Secondly, we’d like to hear your plans on public infrastructure. More roads into and out of Metro Manila please. And ones that completely bypass the city-centers to avoid traffic and congestion, as well as hastening logistics of valuable goods and perishable produce from the north to south vis-à-vis.
We also need better roads. If I came up with a separate commentary on what roads needs improving, I can probably fill up three pages of major roads, thoroughfares and avenues that I pass by regularly.
We also need more bridges. Metro Manila is a metropolis divided by the Pasig River. And yet there are only a handful of bridges to cross the northeast and southwestern sides of Metro Manila.
Look at world-class cities such as Tokyo and Sidney; they have loads of bridges. Traffic converges on these handful of bridges to cross the great Pasig River.
Ever wonder why it’s traffic on Edsa-Guadalupe, C5-Kalayaan, Rockwell Bridge and Makati-Mandaluyong Bridge, to name a few traffic hotspots? If the government got its act together, the bridge crossing Kapitolyo directly to BGC in Taguig will be a massively great idea although my good friends in Kapitolyo will probably hate me for suggesting this. It’s such an obvious and critical infrastructure that will hugely decongest traffic.
We also need more elevated highways such as the Skyway Stages 3 and 4, perhaps one that dissects Metro Manila from east to west. If only the roads coming into the province of Rizal were wider, it would develop faster and keep up with its contemporaries in the rest of the Calabarzon region.
A tunnel through the Sierra Madre Mountain through Antipolo is the most obvious answer.
Lastly, we need to improve thoroughfares along Pasig River such as J.P. Rizal Avenue. Improving traffic flow on these roads by widening and redeveloping them will greatly decongest traffic.
We also need provincial buses and bus stations along Edsa to be regulated. We should keep the provincial bus stations near the reclamation area in Pasay for the south-west, and near the Edsa-MRT 3 depot in the north-eastern side of the metropolis.
These bus stations create a lot of havoc, traffic and mayhem simply because their huge sizes are too much for the narrow service roads, arteries and inner city streets perpendicular to Edsa.
Finally, we need more trains. The original plan was for the light rail transit systems to have 12 (yes 12, that is not a typo) lines. The original Edsa MRT 3 line alone has the capacity to handle close to 800,000 people a day with the proper 72 trains operating at 18 hours per day
(6 a.m. to midnight).
Imagine 800,000 people riding the MRT on Edsa. That means substantially less buses plying the roads, more people reaching their destinations on time, and less people lined up making an ungodly chaotic mob on the streets below MRT 3 stations.
Crucially, the next administration needs to plan beyond the current traffic congestion and PUV demand levels. We need to project traffic, PUV passenger ridership, and vehicle sales volumes in the next 20 or so years (ideally 30), then design proper, long-lasting, sustainable and world-class infrastructure, train and road network systems.

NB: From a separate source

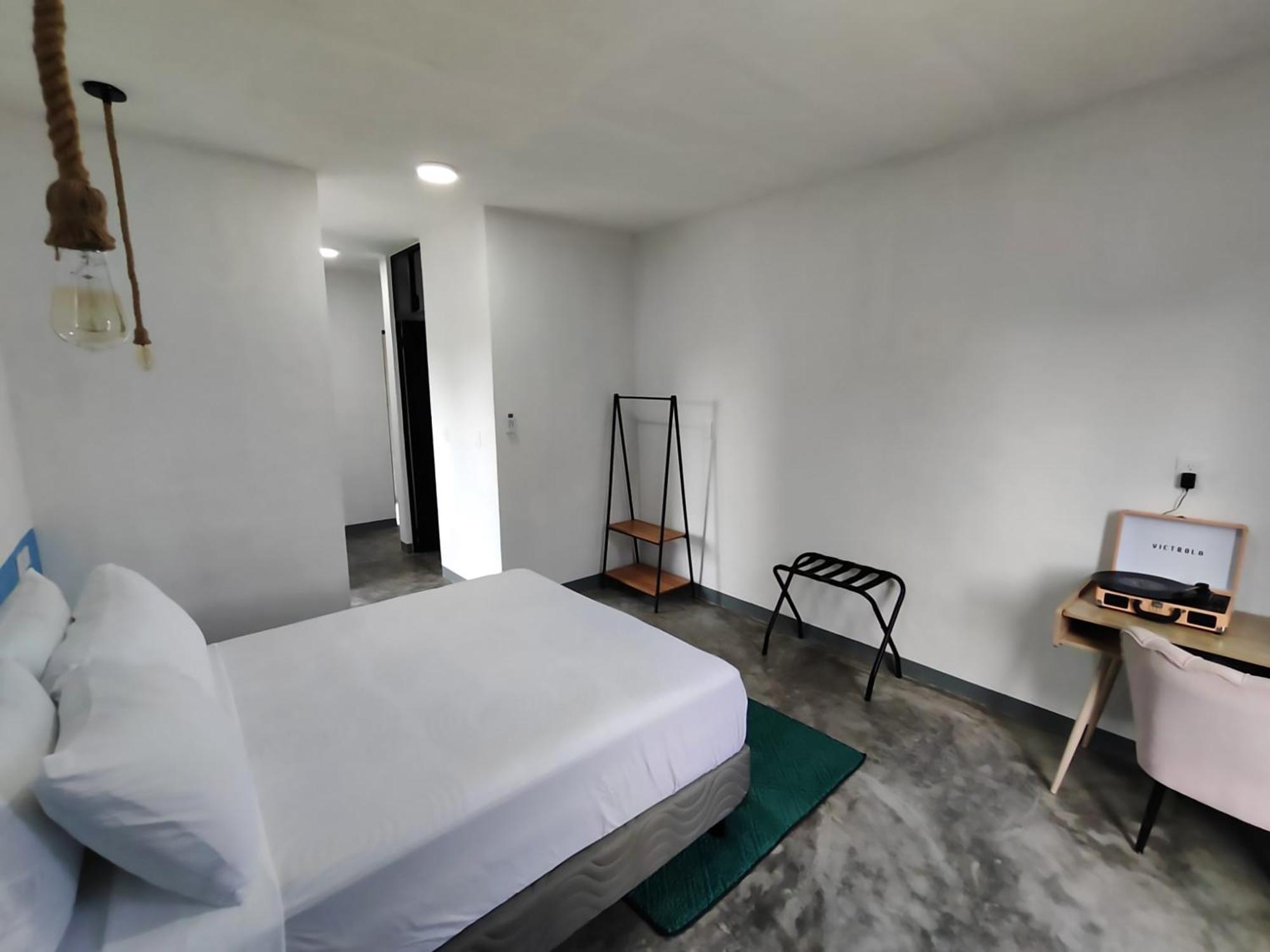 New Friends Hostel & Bar Adults Only Valladolid  Eksteriør bilde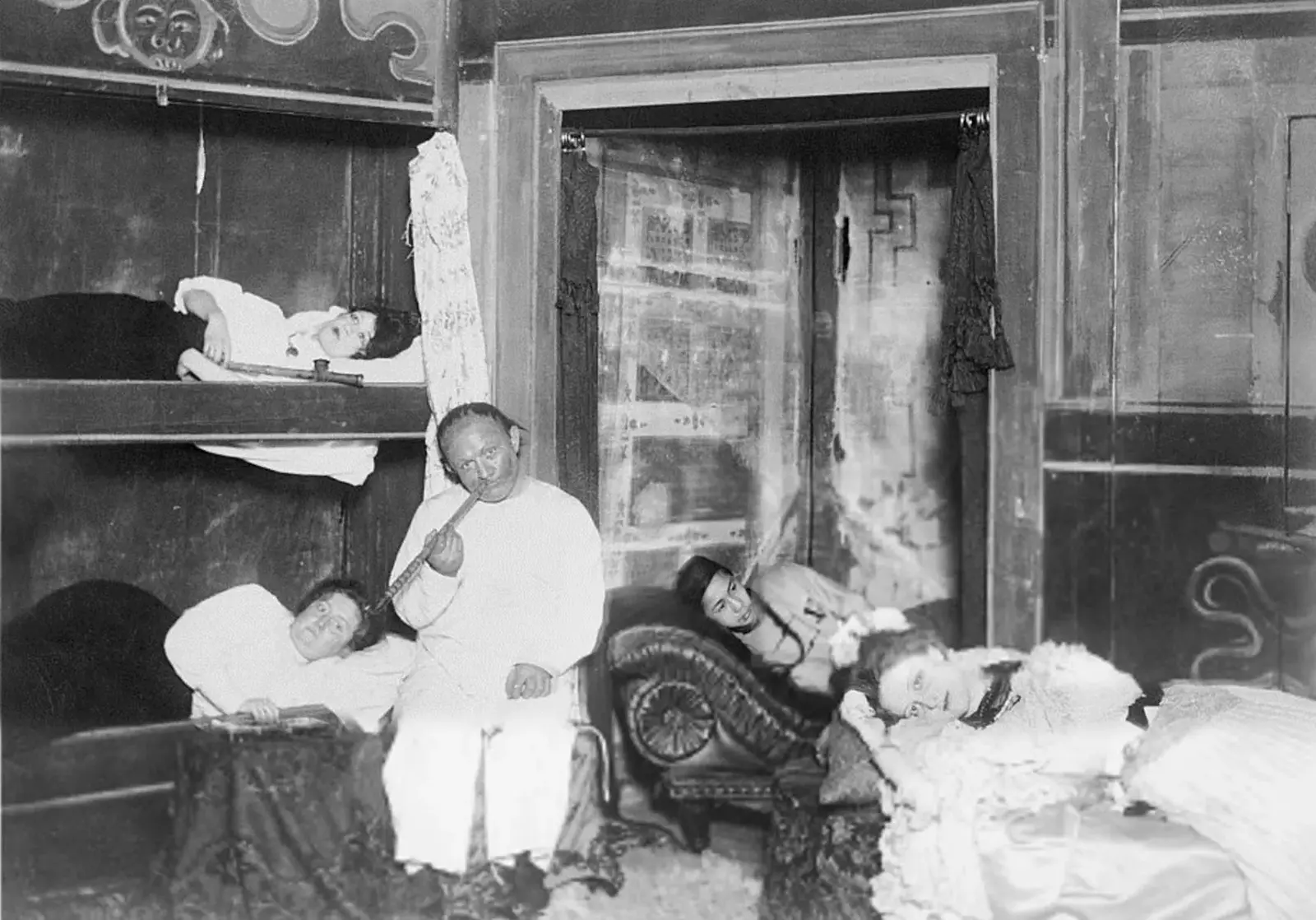 PAY-AMERICAS-FIRST-WAR-ON-DRUGS-RARE-PHOTOS-FROM-INSIDE-THE-OPIUM-DENS-WHICH-SPREAD-ACROSS-TH...webp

Alas, I fear that most, if not all candidates only want to design a plan that meets the immediate short-term needs and will only benefit the constituents during their term, which is a scant three to six years.
We need something that will be good for the next 20 to 30 years, just like how all first-world industrialized countries do it.
This line of thinking is what we need for the rest of the country, and not just for the monitoring public. A clear, doable and sustainable development plan that answers short, medium and long-term goals of the country, not something that is barely acceptable and good for only three to five years.
We need long-term goals, and clear, concise and concrete plans to back them up and ensure their success.